How it reads: the dollar never stands alone. It always travels with the "if" that activates it, "Could recover ~$X if {clause}," or a peer-comparison framing like "Operators with this in place close more of this kind of work." On the Feed card, the conditional clause appears right after the number, in a muted tone, so the dollar and its condition are read as one thought. When a cross-entity tradeoff is involved (a hiring cost weighed against a cycle-time gain, for example), the copy states both the gross figures and the net, never the gross alone.

Gap (no dollar)

Not a commercial decision at all, a signal that flags missing or stale profile data: no owner or operations lead on file, an incomplete department list, equipment recorded without a model or serial number, stale contact info on a vendor or client record. No dollar ever appears on a Gap signal. These never appear in Feed or Decisions; they route to the profile-completion surface instead, and their default action reads "Add Data" unless the detector supplied a more specific prompt.

Heads up

If you ever see a bare $X/yr headline with no conditional clause on something that reads like a hypothetical (a fine that has not been assessed, a "could lose" framing), or a dollar figure on what is clearly a missing-data prompt, that is a bug in the copy, not a real Hard number. Report it.

What happens when you act

The button under a decision on the Feed always reads the same learned verb, Act for a single decision, or Review N when several signals have bundled into one card (so you know the card opens a list, not a single commit). The register-specific verbs, Recover, Renegotiate, Re-submit, Re-bill, Explore, Compare, Plan, are not separate buttons you tap; they are carried in the decision's own action path and steer how IQ frames its response once you act on the card, definite recovery language for a Hard decision, conditional and comparative language for a Soft one, a profile-completion nudge for a Gap item. The distinction lives in what IQ says and drafts for you next, not in a second row of buttons.

Empty states

  • A card with no dollar and no consequence line renders nothing in the value zone. Some findings (a process or compliance observation with nothing to price) simply carry no dollar, and Verinode does not invent one to fill the space.
  • Feed, nothing new: "All caught up. Verinode IQ is continuously analyzing your data and scanning industry sources. New decisions, insights, and updates will appear here as they surface. Check back soon. Your next briefing is building."
  • Feed, filter has no matches: "No items match this filter."
  • A Gap signal never shows a dollar, a register label, or a "recoverable" framing anywhere. If it did, that would be the bug described above.

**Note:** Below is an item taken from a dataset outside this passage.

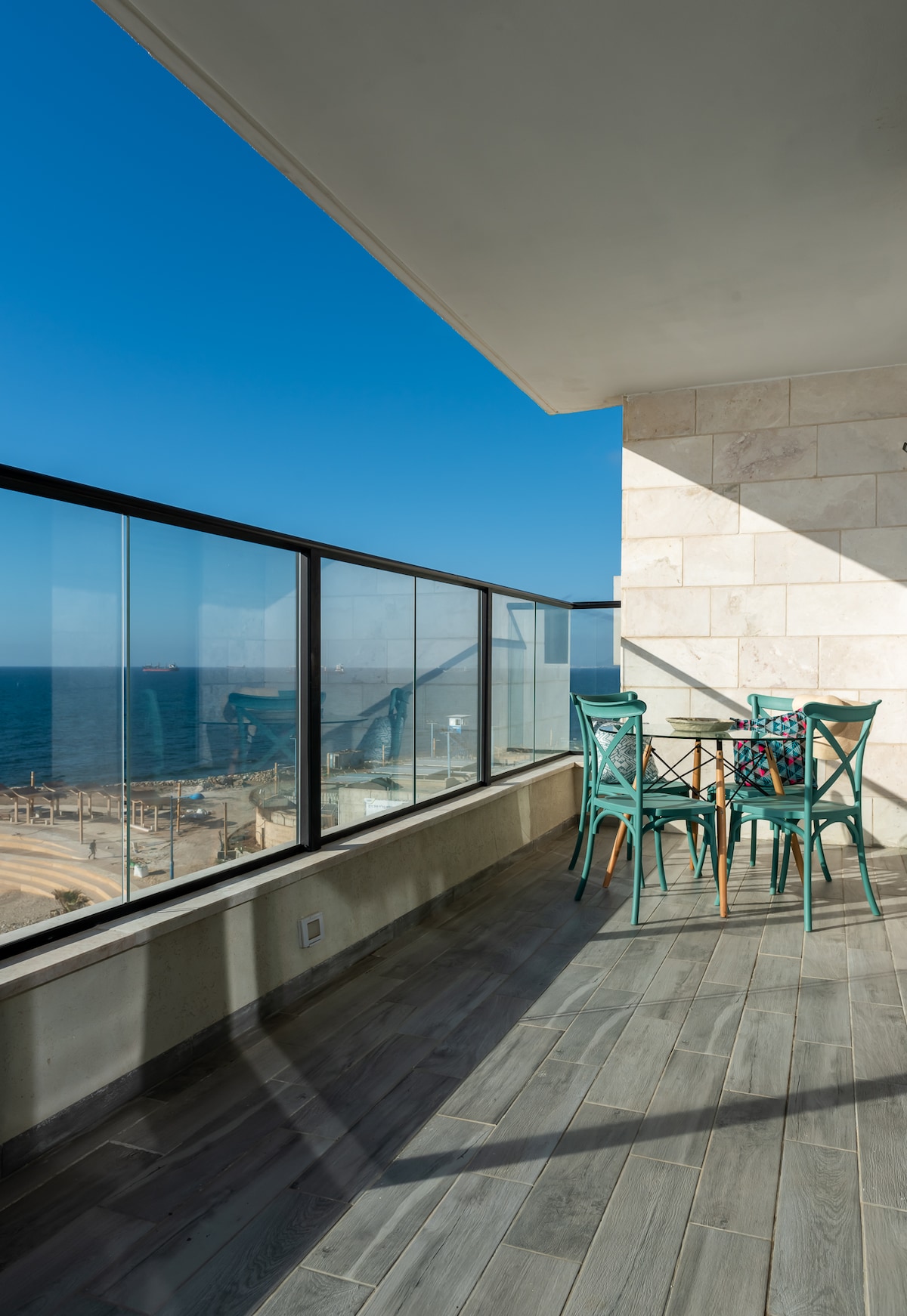 A balcony is displayed with a small dining table and four chairs. It features a glass railing that provides an unobstructed view of the Mediterranean Sea and surrounding landscape. The floor has a wooden finish, adding a modern touch to the outdoor space.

None of these are broken states. A quiet value zone on a card, or a Gap prompt with no dollar attached, means there is genuinely nothing to price yet, or that the data behind the card is a profile detail rather than a commercial finding.

Best-practice example

A Feed card reads eyebrow "Recoverable", figure $6,400, unit /yr. That is a Hard signal: somewhere in your vendor relationships, a specific vendor's pricing sits above what the peer network pays for the same work, at your own volume with that vendor. Tap Act, and IQ opens ready to draft a renegotiation, because the action path behind this exact decision is a recovery path, not an exploratory one.

The next card down reads eyebrow "Could recover", figure ~$2,100/yr, if your cycle time matched the peer median. That is Soft: real math, but conditional on a process change actually landing. Tap Act, and IQ opens to help you plan and compare, not to draft a recovery email, because a Soft dollar has not yet cleared the bar a Hard one has.

A third item never appears as a dollar card at all: it is a prompt to add your operations lead to your team profile, because Verinode does not have that record yet. That is a Gap, and it lives on the profile-completion surface, not in your daily decision deck.

Data sources

Data sources

  1. 1.Your jobs, invoices, vendor relationships, SOPs, and connected documents. Your business.
  2. 2.Anonymized peer network comparisons, where enough contributors exist to compare against safely. Verinode reference data.
  3. 3.Verinode published research baselines. Verinode reference data.